THE Department for Transport (DfT) has announced the appointment of Sir Jonathan Thompson as chair of HS2 Ltd, the company responsible for building Britain’s second high-speed line, running from London to Birmingham and the north of England.

Thompson was formerly deputy chair. His experience at the most senior levels of the civil service includes the post of chief executive at the Financial Reporting Council and permanent secretary at both the Ministry of Defence and HM Revenue and Customs.

He had been acting as interim chair of HS2 Ltd following the departure of Mr Allan Cook in July 2021 and has now taken up the role on a permanent basis.

Thompson is succeeded as deputy chair by Ms Elaine Holt, a non-executive director of HS2 Ltd whose rail industry experience includes senior positions at RATP Dev, National Express and Directly Operated Railways (DOR).

The appointment of a new chair comes at “a pivotal time” for HS2, according to DfT, as work at London Euston progresses under Phase 1 of the project and the bill to obtain powers for Phase 2b from Crewe to Manchester makes its way through parliament.

DfT says that Thompson will provide “strategic leadership, oversight and accountability for the HS2 programme, ensuring it is delivered on time and in budget while continuing to create jobs, boost local economies and provide much needed capacity on our railways.”

According to recent media reports, the government is conducting a major review of the project in order to keep costs under control, with official estimates of the total cost ranging from £72bn to £98bn.

Options reported to be under consideration include terminating the line at Old Oak Common in west London rather than at Euston, reducing the maximum speed or cutting the train service to just 10 trains an hour.

“We are building HS2 responsibly and I have a heavy responsibility to safeguard the investment being made by the British people,” Thompson wrote in recent opinion piece for The Telegraph.

“It means making tough choices when faced with new challenges,” he says. “Today’s challenge is inflation.

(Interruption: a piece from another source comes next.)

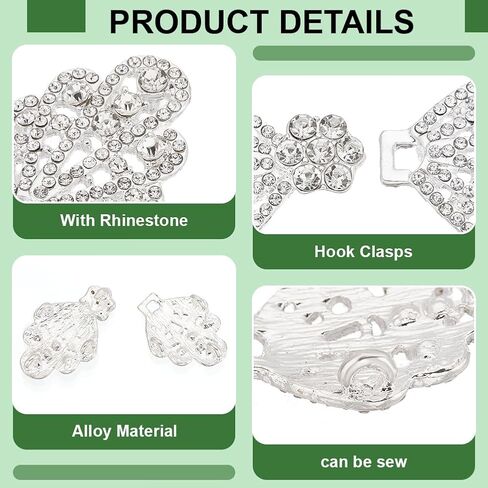 BENECREAT 2 Pair Alloy Rhinestone Cloak Clasp Fasteners, 65mm/2.5 inch Silver Bowknot Interlocking Belt Buckle for Sweaters, Dresses, Scarves, Cardigan, Shirts, Jackets in Saudi Arabia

As the government’s largest project, HS2 is not immune. Last year, inflation for construction costs was running at 12%, the highest since the 1970s.”

“Many of our suppliers are now facing cost increases incompatible with what they committed to deliver just a few years ago,” Thompson says. “We have a responsibility, along with all other parts of government, to adjust to this new reality and play our part in helping to deliver sound public finances.

“But make no mistake, the government has committed to building HS2 from Manchester to London.”